■ **DIRECTIONS**:
Extract the run of lines that starts at the top of the records below and ends at the line with "Puzzle da 1000", keeping both ends and excluding pictures.

■ **PROVIDED INFORMATION**:
Segment Open
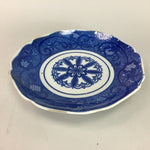 Japanese Sometsuke Porcelain Plate Vtg Floral Flower Vine Leaf Blue White PT504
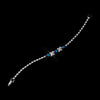 Silver Teal & Clear Marquise Rhinestone Bridal Wedding Bracelet 3995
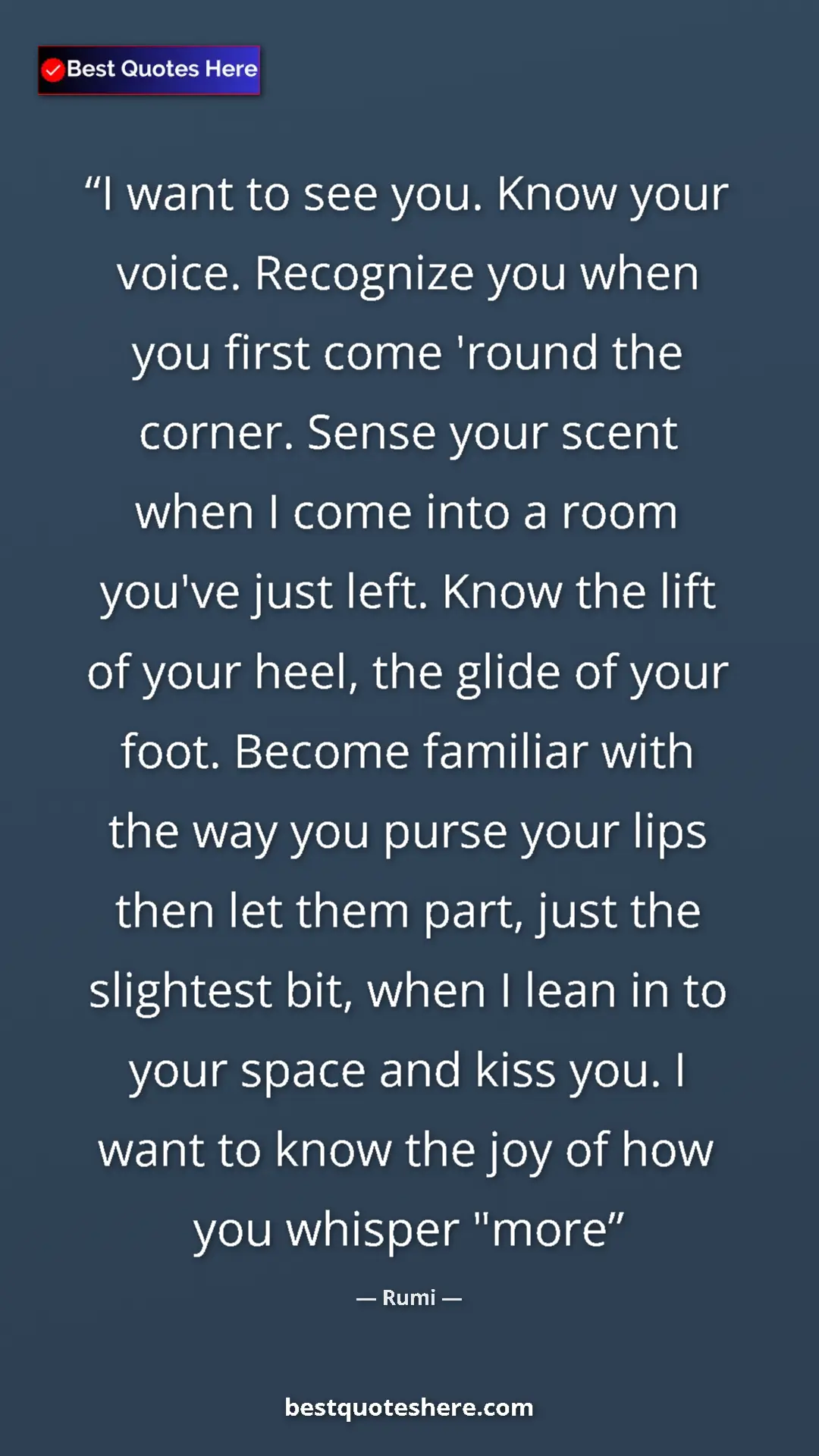 Pinterest quote poster by Rumi: "I want to see you. Know your voice. Recognize you when you..."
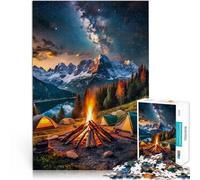 Puzzle da 1000 pezzi per adolescenti Una scena accogliente attorno al fuoco da campo Attività per famiglie Migliorare la memoria 52x38cm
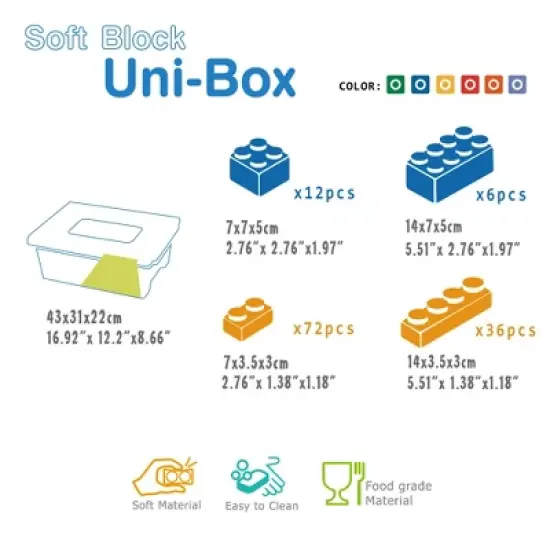 UNiPLAY UNiBOX Soft Building Blocks &mdash; Cognitive Development, Toy Learning Stackable Blocks for Ages 3 Months and Up image {8}
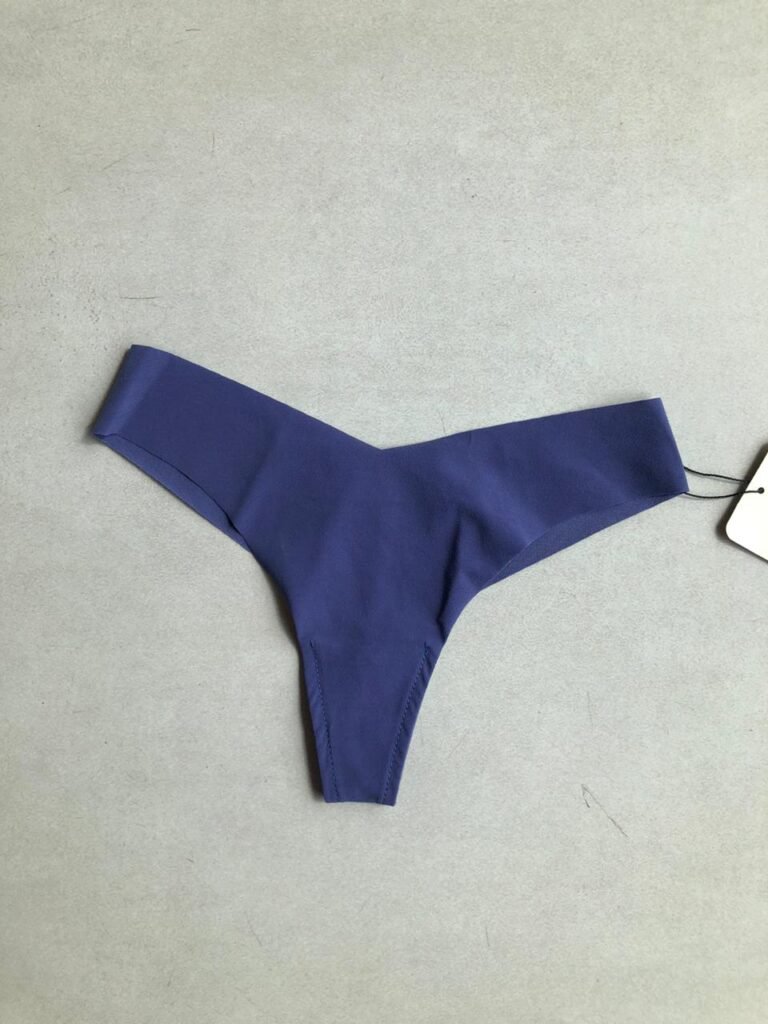 CALCINHA FIO DENTAL EM MICROFIBRA NUDE - AZUL PERSIA - G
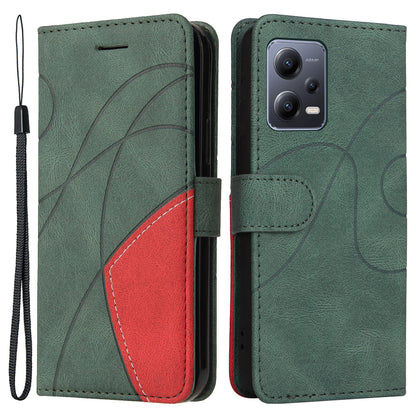 KT Leather Series-1 for Xiaomi Redmi Note 12 5G (Global) / (India) / (China) / Poco X5 5G Phone Case Wallet Stand Dual-color Splicing Leather Cover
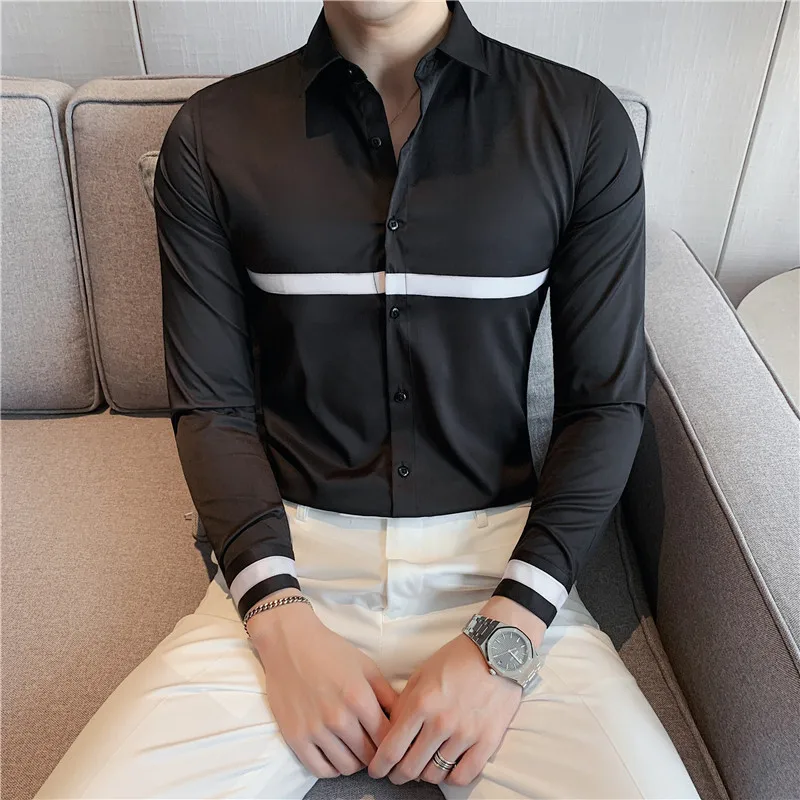 Autumn Long Sleeve Shirts Slim Fit Casual Business Formal Dress Shirts Ribbon Decoration Social Party Office Shirts Men Clothing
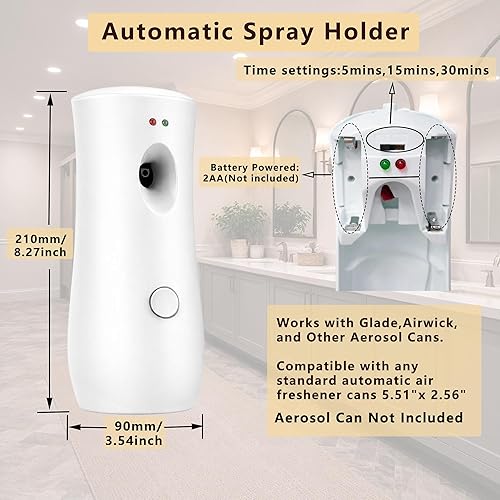 Miniatura 16 de Dispensador automático de ambientador en aerosol (paquete de 2), máquinas de aromaterapia ajustables de pie o montado en la pared para el hogar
Segment Closed
■ **YOUR RESPONSE**:
 Japanese Sometsuke Porcelain Plate Vtg Floral Flower Vine Leaf Blue White PT504
 Silver Teal & Clear Marquise Rhinestone Bridal Wedding Bracelet 3995
 Pinterest quote poster by Rumi: "I want to see you. Know your voice. Recognize you when you..."
 Puzzle da 1000 pezzi per adolescenti Una scena accogliente attorno al fuoco da campo Attività per famiglie Migliorare la memoria 52x38cm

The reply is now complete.